Thu. Jun 8th, 2023
With more winter weather hitting the Lake Area, fire officials are asking residents to stay prepared and safe…. especially when it comes to using supplemental heating sources like space heaters.
“You know space heaters are designed to warm a room or provide supplemental heat to a room….they’re not designed to be your primary heat source” says Mid-County Fire Chief Scott Frandsen, “Some of these heaters can be dangerous. The newer ones have safety features…they’ll turn off if they get knocked over, but some of the older ones don’t have that. They all use a lot of juice, which is why we always say you should never use an extension cord on them and finally…if you put them near something combustible, it will catch fire.”

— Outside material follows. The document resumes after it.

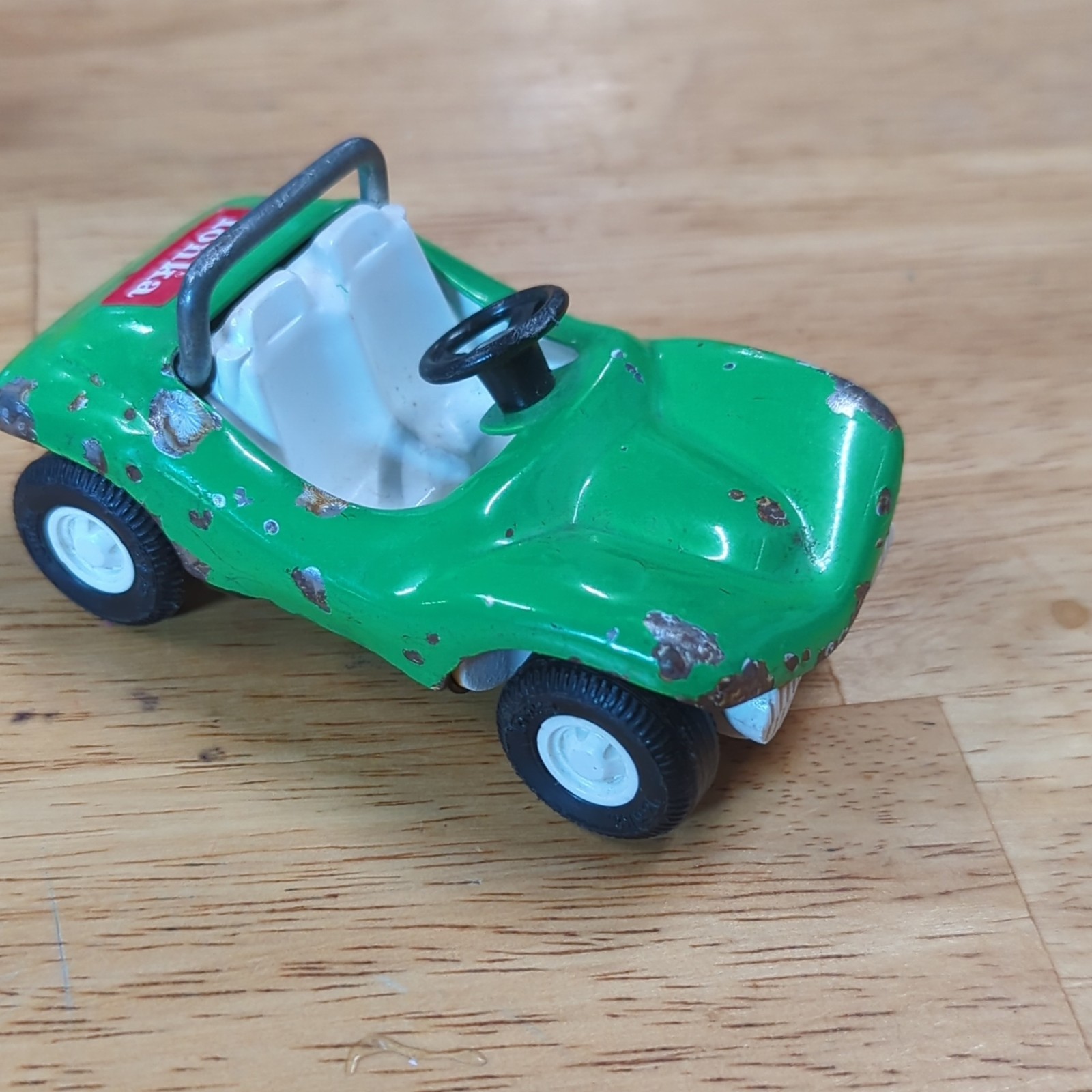 Ertl Articulating Dump, Tonka Dune Buggy, Tootsie Toy Rescue Van All Vintage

Frandsen says if you do have to use a space heater, use common sense on where it’s being used and make sure that you don’t run in 24-7.
In addition to that, he’s also cautioning residents to be prepared in case of another round of power outages due to damage to the power lines from the heavy snow…
“One of the most critical things we deal with during a power outage is people start firing up their generators. And when it’s cold outside, these things don’t want to run…so people will put them inside their garage instead” says Frandsen, “Well…that’s putting out carbon monoxide and it’s getting into the house…suddenly, everyone’s getting headaches and dizzy and their skin is turning red…things like that. You can’t smell it, you can’t taste it….it will take you out in a hurry.”
He says it’s best to keep your generators outside and at a safe distance from your home, or skip them altogether and go somewhere else…“It’s just good common sense….if your power is out, go to some other place…go to a warming center, at least until they can get the power turned back on.”
During the last snowstorm some 3 or 4 thousand customers were without power throughout the lake area, of which many didn’t see that power restored for nearly 12 to 15 hours.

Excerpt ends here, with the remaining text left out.